Historical Society of
County Seat Council Bluffs, Iowa
Historic General Dodge House...
If it wasn't for Grenville Dodge, the Omaha/Council Bluffs would be different. A whole lot different. Some have speculated our combined population might be around 15,000 rather approaching a million.
It was all about the railroads, and it it wasn't for Dodge they wouldn't have come here to the extent they did. Some was intentional, some fortuitous, but it doesn't really matter: the railroads came.
By the late 1860′s Grenville M. Dodge was not only a nationally known and respected military general, railroad builder, and politician, he was one of the wealthiest citizens of Iowa.
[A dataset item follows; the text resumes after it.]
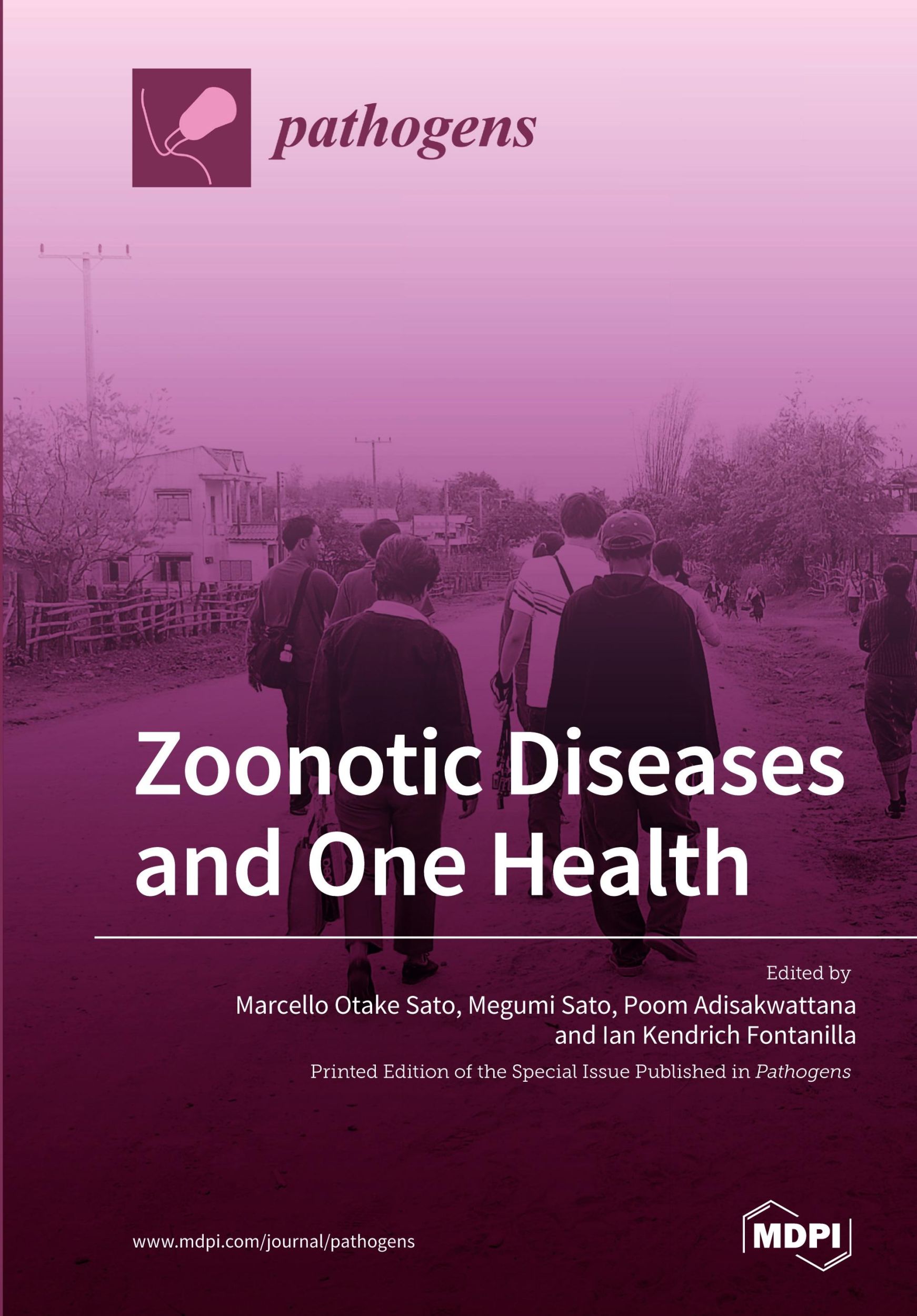 Cover: 9783039280100 | Zoonotic Diseases and One Health | Taschenbuch | Englisch | 2020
Council Bluffs was home, and he set forth to create a house that he could be comfortable in and enjoy the rest of his his life.
Dodge commissioned Chicago architect William Boyington to design his mansion, which was to be perched on a hill where he could view his growing and prospering city. Boyington had just completed Terrace Hill in Des Moines for Iowa’s first millionaire, Benjamin Franklin Allen.
The house at 605 Bond Street (now 3rd Street) combined elements of grace and vigor, with space for Mrs. Dodge to enjoy her interests of roses, poetry, and classical music and as well as space to entertain political and military dignitaries. The house incorporated many lovely woods including butternut and walnut as well as the rare amenities of central heating and hot and cold running water. The final cost was $30,000, a very impressive amount in 1869.
Following Dodge’s death in 1916 the home remained occupied by a member of the family until 1943. The house was offered to various groups in 1949 but there were no takers, so the contents were auctioned off and the house sold to Frances Taylor for $15,000. During that time the large archway between parlors was filled in and one of the bedrooms cut in half by a wall for its new life as a boarding house for teachers.
In 1963 a move was spearheaded by the Historical Society of Pottawattamie County to acquire the home. It was purchased for $30,000 in 1964. Though restoration was not complete tours were offered beginning in 1965. The adjacent Beresheim House was added to the museum complex in 1975.
The only National Historic Landmark in Council Bluffs, the museum is open for tours Tuesday through Sunday. It is closed in January and major holidays.